Adolf vestia um terno escuro e uma gravata com um nó frouxo. Então, como agora, uma mecha de cabelo caiu sobre sua testa. Seus olhos estavam no chão enquanto suas irmãs falavam. Então chegou a sua vez. Ele deu um passo à frente e pegou minha mão. Olhando nos meus olhos, ele disse: “Serei grato a você para sempre”. Isso foi tudo. Então ele se curvou. Eu me pergunto se hoje ele se lembra dessa cena. Tenho certeza de que sim, pois, em certo sentido, Adolf Hitler cumpriu sua promessa de gratidão. Foram-me concedidos favores que, tenho certeza, não foram concedidos a nenhum outro judeu em toda a Alemanha ou Áustria.

Parte II

Quase imediatamente após o funeral de sua mãe, Hitler partiu para Viena, para tentar mais uma vez uma carreira como artista. Seu crescimento até a idade adulta foi uma experiência dolorosa para o menino que vivia consigo mesmo. Mas dias cada vez mais difíceis estavam chegando. Por mais pobre que fosse a família, ele pelo menos tinha comida e abrigo garantidos enquanto morava em casa. Isso não poderia ser dito dos dias em Viena. Hitler estava totalmente concentrado na tarefa de manter corpo e alma juntos.

Todos nós sabemos algo sobre sua vida lá – como ele trabalhou como carregador em empregos de construção civil até que os trabalhadores ameaçaram empurrá-lo de um andaime. E sabemos que ele limpou a neve e aceitou qualquer outro trabalho que pudesse encontrar. Durante esse período, na verdade por três anos, Hitler morou em um albergue masculino, o equivalente a um albergue em qualquer grande cidade americana. Foi aqui que ele começou a sonhar com um mundo refeito de acordo com seu padrão.

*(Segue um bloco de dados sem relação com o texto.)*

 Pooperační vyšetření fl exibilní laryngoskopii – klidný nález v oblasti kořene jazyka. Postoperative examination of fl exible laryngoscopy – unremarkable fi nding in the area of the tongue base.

Enquanto morava no albergue, cercado pela escória humana da grande cidade, Hitler dizia: “Fiquei insatisfeito comigo mesmo pela primeira vez na vida”. Essa insatisfação consigo mesmo foi seguida pela insatisfação com tudo a seu respeito – e pelo desejo de alterar as coisas ao seu gosto.

O vitríolo do ódio começou a se espalhar por seu corpo. A dura realidade da vida que viveu o encorajou a odiar o governo, os sindicatos, os próprios homens com quem vivia. Mas ele ainda não havia começado a odiar os judeus.

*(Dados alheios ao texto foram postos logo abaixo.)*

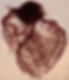 Vasculature of the Heart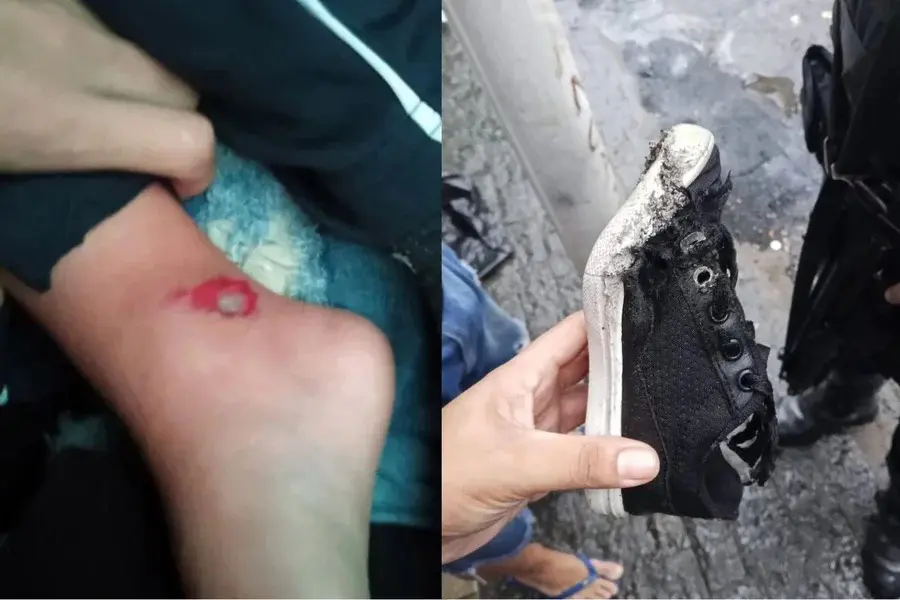 Vídeo mostra momento de tensão após criança ser atropelada por policial militar em Santos. Foto: Santa Portal.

Durante esse período, ele reservou um tempo para me enviar um cartão-postal de um centavo. No verso, havia uma mensagem: “De Viena, envio-lhe minhas saudações. Atenciosamente, sempre fielmente, Adolf Hitler.” Era uma coisa pequena, mas eu apreciei isso. Eu havia passado muito tempo tratando da família Hitler e era bom saber que esse esforço de minha parte não havia sido esquecido.

Publicações oficiais nazistas também registram que recebi uma das pinturas de Hitler – uma pequena paisagem. Se recebi, não estou ciente disso. Mas é bem possível que ele tenha me enviado um e que eu tenha esquecido. Na Áustria, os pacientes frequentemente enviam pinturas ou outros presentes aos médicos como sinal de gratidão. Mesmo agora, tenho meia dúzia desses óleos e aquarelas que salvei; mas nenhum pintado por Hitler entre eles.

No entanto, preservei uma peça da obra de arte de Hitler. Isso aconteceu durante o período em Viena, quando ele pintava cartões postais, pôsteres etc., ganhando dinheiro suficiente para se sustentar. Foi a única vez em sua vida que Hitler foi capaz de usar seu talento com sucesso.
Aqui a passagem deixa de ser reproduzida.